Other methods have been developed for the humanization of non-human antibodies. For example, it is known that there are only a few amino acids in the entire antibody molecule that are critically involved in antigen binding. Consequently, scientists are zeroing in on the amino acids that are in direct contact with the antigen. This method, termed SDR-transfer, transplants not the entire CDRs but only those residues that are known or are thought to be involved in antigen binding. Since there are only a few of those residues, the mouse residues retained in the humanized antibody represent only a very small percentage of the total (often no more than three percent). Another humanization technique, termed "veneering" (literally, changing the outside appearance of the molecule), is accomplished by replacing the amino acids on the surface of the non-human molecule (the residues to which the antibodies of the human patient bind) with amino acids that are commonly found in human antibodies. A veneered antibody is thus camouflaged and may not be visible to the human immune system. This is akin to the technique used by schistosomes (worm parasites) to evade our immune system these parasites coat themselves with our own molecules so that our antibodies do not "see" them as foreign. (Editors note: These two humanization techniques that were just described were developed by a Filipino scientist, Dr. Eduardo A. Padlan.)
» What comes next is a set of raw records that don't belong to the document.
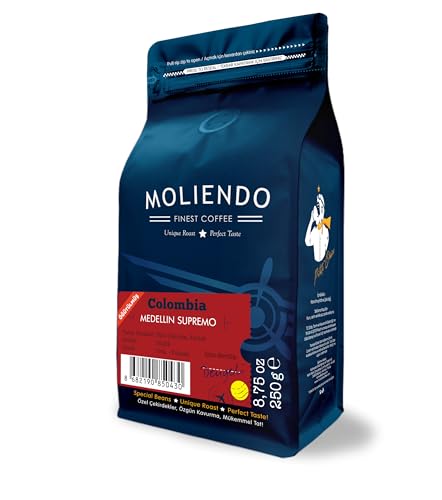 Moliendo Finest Coffee Colombia Medellin Supremo Yöresel Kahve (Öğütülmüş Filtre Kahve) 250 g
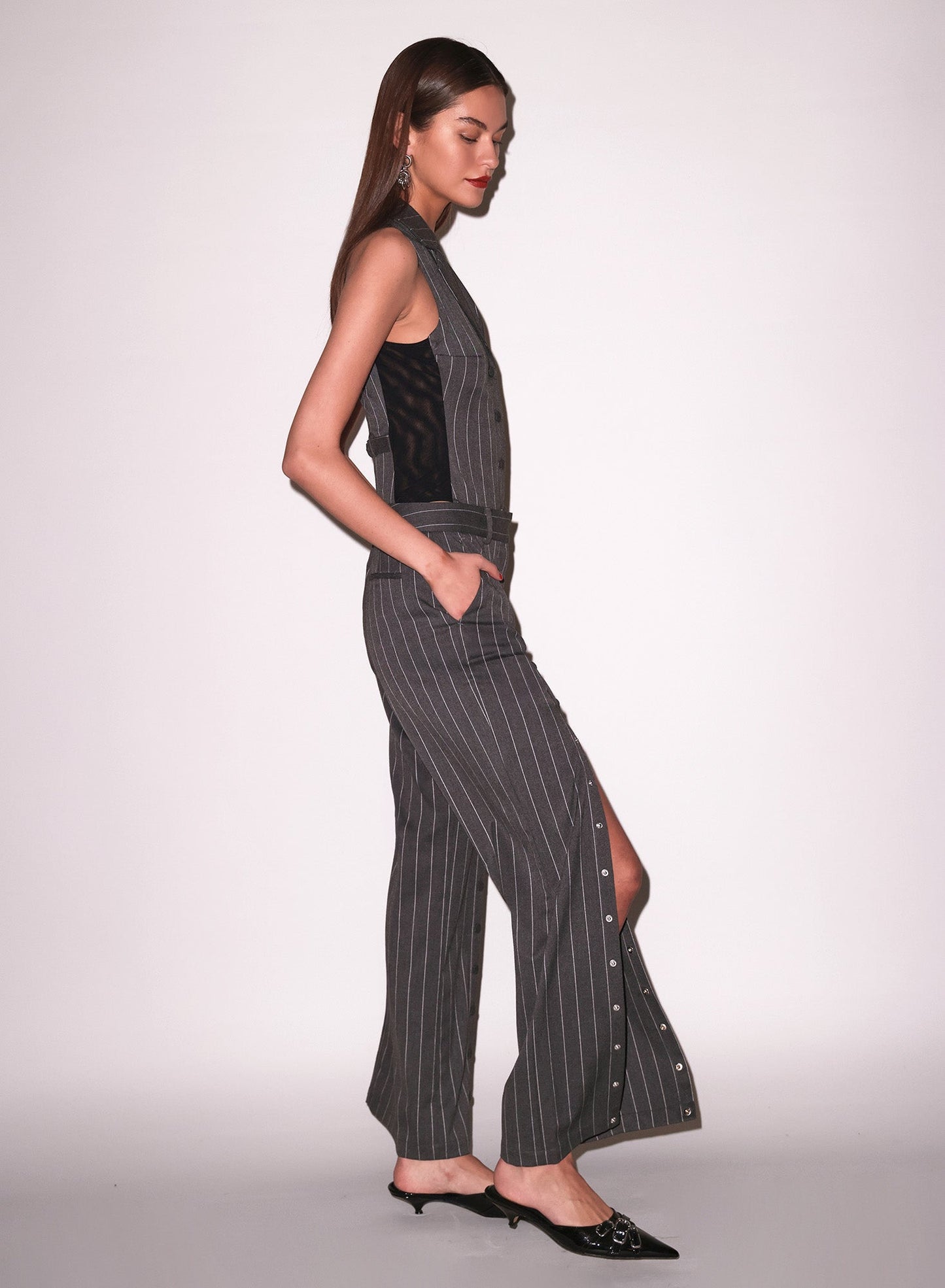 Fleur du Mal Dark Grey Pinstripe Maxwell Vest Bodysuit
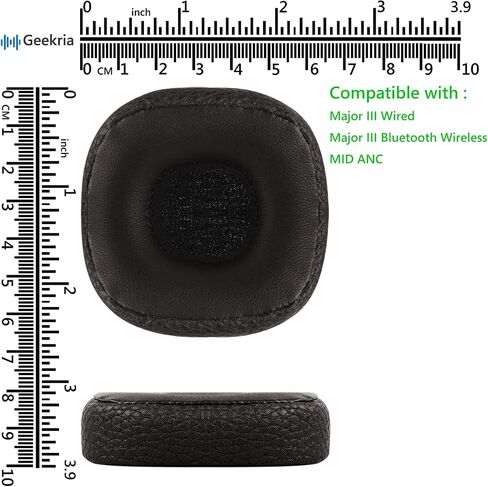 وسائد أذن بديلة من Geekria QuickFit لسماعات Marshall Major III السلكية، وMajor III Bluetooth اللاسلكية، وسائد الأذن لسماعات الرأس MID ANC، وسادات أذن لسماعات الرأس، وقطع إصلاح غطاء أكواب الأذن (أسود) in Saudi Arabia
This technology that "reshapes" an antibody structure is sometimes called the rational or knowledge-based approach. In contrast, some scientists are also trying "Natures way" in which amino acids in the CDRs are randomly replaced with every possible amino acid and the resulting molecules then screened for the desired antigen affinity and specificity.
Humanized antibodies produced by either method, or by combination of both, are really promising. Successfully marketed examples of this class of antibodies include Zenapax (for the treatment of kidney-transplant rejection; developed by Roche), Raptiva (for the treatment of a severe skin disease known as psoriasis; developed by Genentech and Xoma), Mylotarg (for the treatment of acute myeloid leukemia; developed by Celltech/American Home Products), Herceptin (for the treatment of breast cancer; developed by Genentech), and Xolair (for the treatment of asthma; developed by Genentech), among others.
The technique of antibody humanization has now matured into a major antibody engineering technology. Experience over the last decades has resulted in the evolution of a number of different methods to convert the technology into reproducible practice. As the interest in the antibody field grows in both biotechnology and pharmaceutical sectors, so grows the demand to develop monoclonal antibodies that are surely effective and with minimal side effects. Humanization technology, indeed, plays a part in a renaissance in the use of antibodies as versatile therapeutic compounds.